The Park at Cross Creek: CUP is Not an Establishment-Specific Ad Hominem Privilege

Several years ago, Malibu voters passed Measure R, entitled “Your Malibu, Your Decision Act,” to preserve Malibu’s “unique small-town, rural character” and to “protect natural resources by adopting provisions that will ensure our community remains a unique oasis in the midst of urban and suburban sprawl and generic development while at the same time ensure our City evolves in a sustainable manner that meets the needs of our residents and visitors.” On June 21, 2017, California’s Second District Court of Appeal determined that Measure R is facially invalid in The Park At Cross Creek v. City of Malibu.

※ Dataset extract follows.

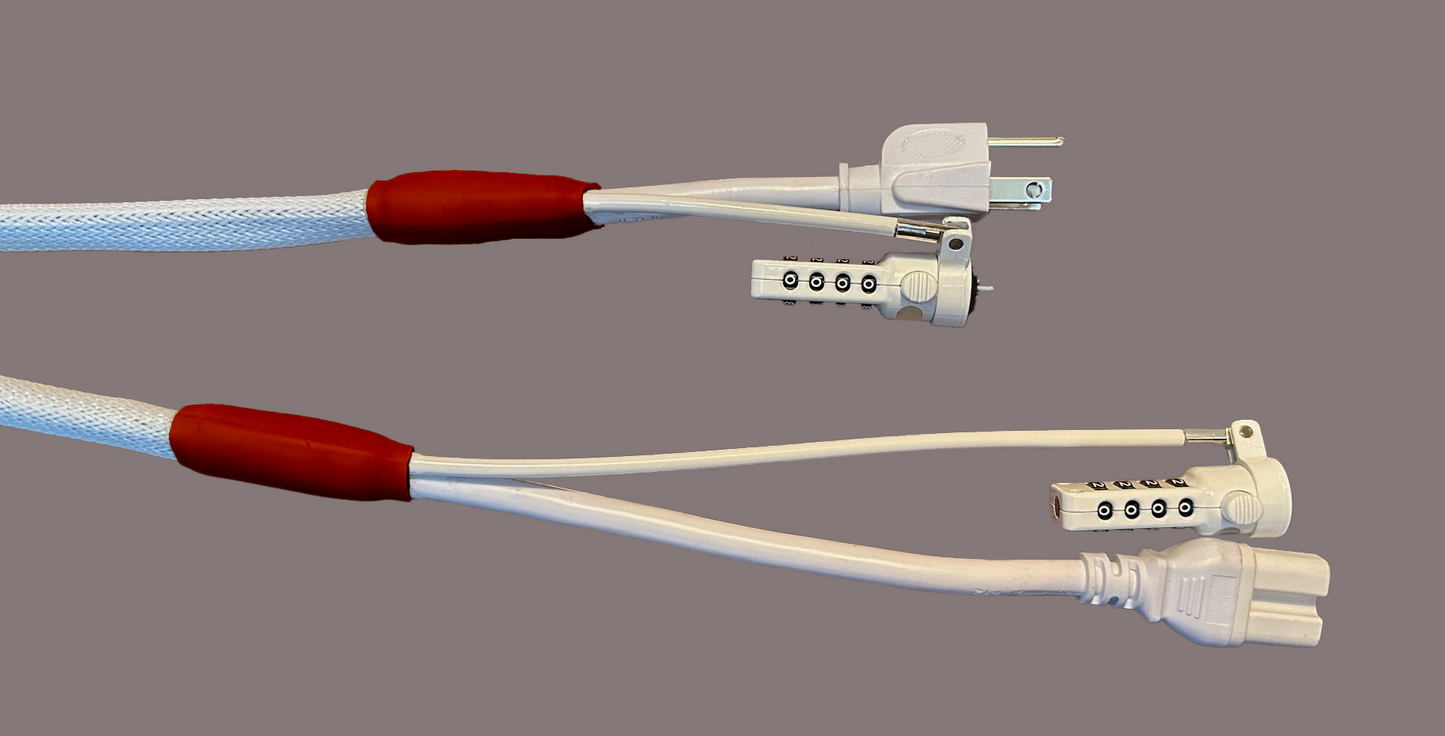 Standard Power Security Cable 5-15P to C15 (White)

Among other things, Measure R implemented specific plan and voter approval requirements and required that chain retail establishments obtain a conditional use permit (CUP). Measure R attempted to subvert the well-established principle that a conditional use permit creates a right that runs with the land. Under Measure R, the right would have been establishment-specific, thus “improperly turning a CUP into an ad hominem privilege rather than a decision regulating the use of property.

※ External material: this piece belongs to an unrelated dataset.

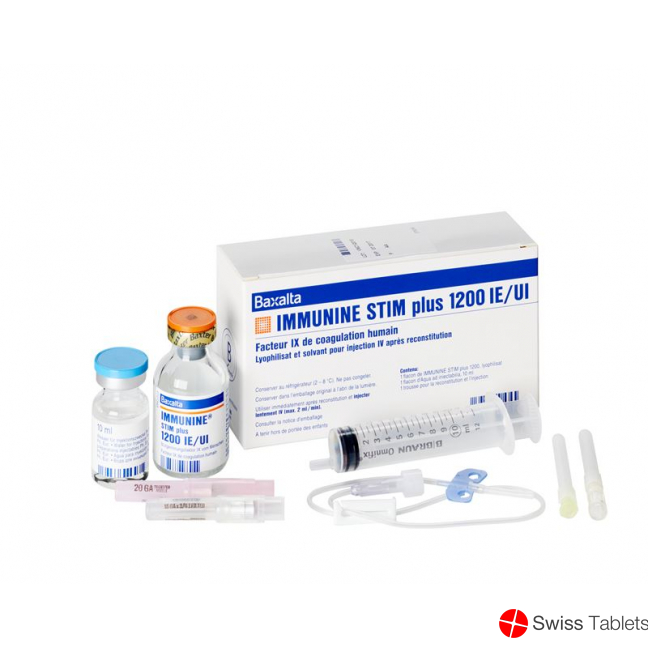 Immunine Stim Plus Trockensubstanz 1200 Ie C S Durchstechflasche buy online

The City admitted that issuance of CUPs under Measure R would depend on the applicant and not on the use of the land. The City emphasized in its briefs that the CUP focused on the applicant, rather than the property owner or land itself, to ensure “a permitted ratio of chain stores and avoid[ ] the AnyMall, USA effect.” Accomplishing this, according to the City, requires a “thorough examination of a business.

According to the court, the City’s admission underscored the problems with Measure R’s CUP provisions, designed to control not just chain stores in general but which specific chain stores may operate in the community.

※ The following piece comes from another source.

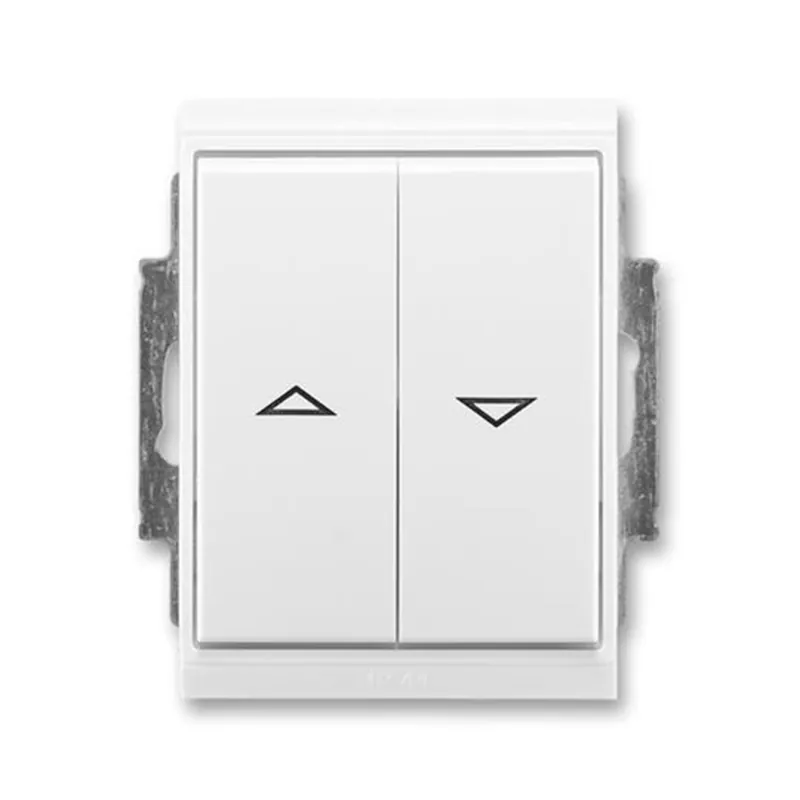 ABB 3558E-A88943 03 Ovládač žaluziový jednopólový, řaz. 1/0+1/0 s bl., IP44, bílá/bílá Kup Teď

Measure R supporters argued the establishment-specific provisions were necessary to ensure, for example, there are not two Starbucks in the area. The City suggested that Measure R’s CUP provisions could be saved by applying them to chains dedicated to the same use. That is, a chain coffee shop could transfer the CUP to a different chain coffee shop, e.g., Starbucks to Peet's. But, as the court determined, this still bases the CUP on the nature of the applicant as a chain rather than on the use that chain will make of the property, and is contrary to principles governing CUPs in California.